But Avatar’s marketing was irresistible. What sold tickets was an invitation to enter into a kind of immersive experience, a ‘trip’ so to speak to another world. Gossip regarding the film’s budget also helped to persuade of its scale, it’s ambition to spectacle. It was possible to image, from word of mouth that Avatar would be a kind of cinematic Odyssey. It might even be a new kind of film altogether. But in the end, what we got was an over-familiar yarn.
One has to ask- what was all this in aid of? What does James Cameron want from his audiences? He’s always been a populist, someone who’s happy to play to the crowd, but one can’t help but feel that somewhere along the line he has either failed to understand his public or lost respect for his audience. The Avatar films are a moral and political mess, mainly due to their anachronistic and paradoxical nature, but also due to Cameron’s being out of touch and disconnected from normal reality. Is it possible after all to make a macho action film with guns and babes and marines but still have it be a coherent feminist eco-parable? Either way the script is awfully conflicted while seeming desperate to appeal to the most general audience conceivable. The result is a cocktail of white liberal guilt, chauvinism and noxious ‘spirituality’.

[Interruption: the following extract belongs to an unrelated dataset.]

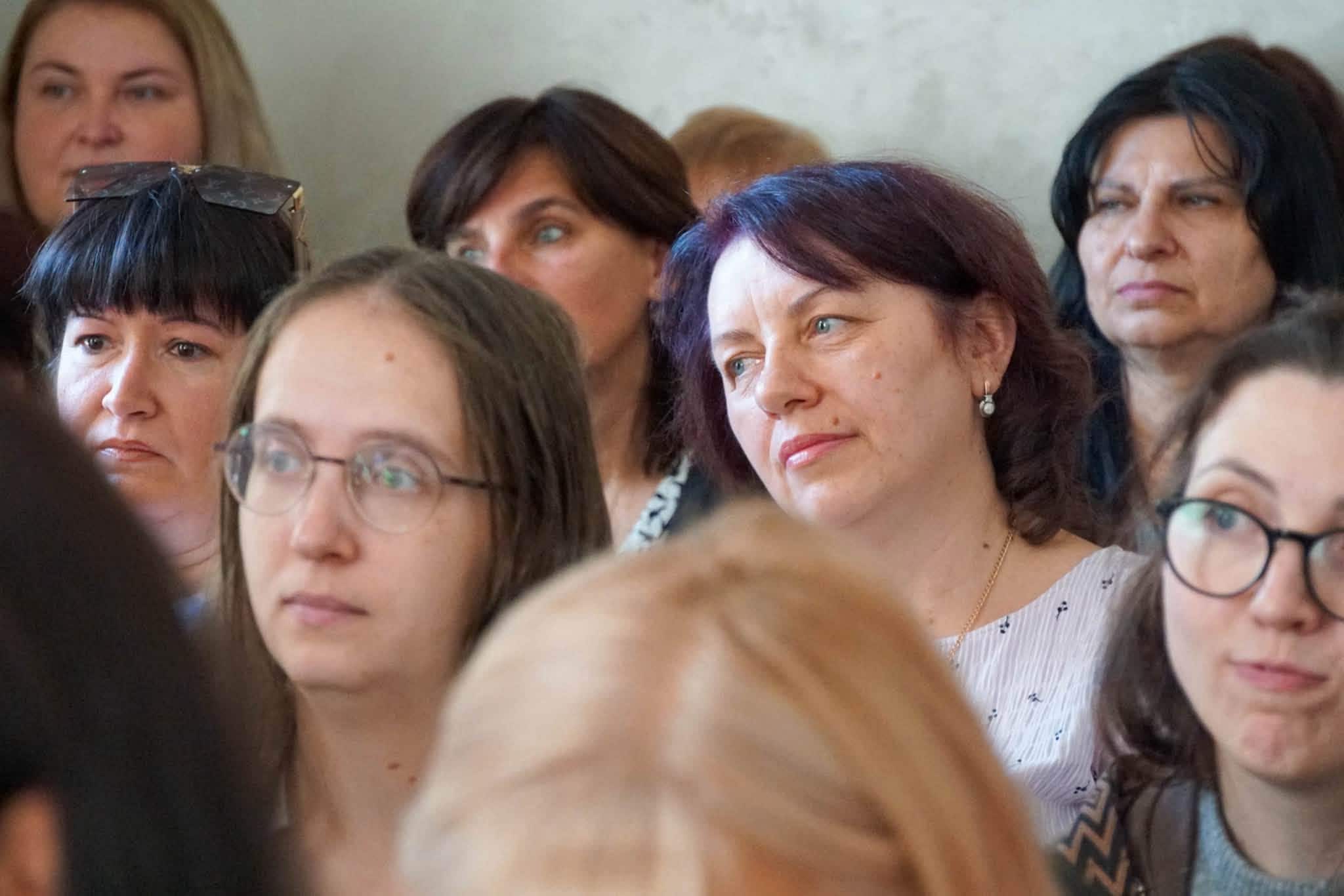 Ужгородська бібліотека-філія №4 цьогоріч відзначає Всеукраїнський день бібліотек в оновленому приміщенні на вул. Залізничній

Watching Avatar: The Way of Water was like an acid flashback. Or at least it’s how I imagine an acid flashback would be. Right from the first scene I had this wonderfully queasy sense of deja vu. It was brilliant. Oh my god, I thought. This is going to be three hours of exactly the same. It’s just the same coming back around again and again forever and there’s no escape. I had to put my iPad down for a moment.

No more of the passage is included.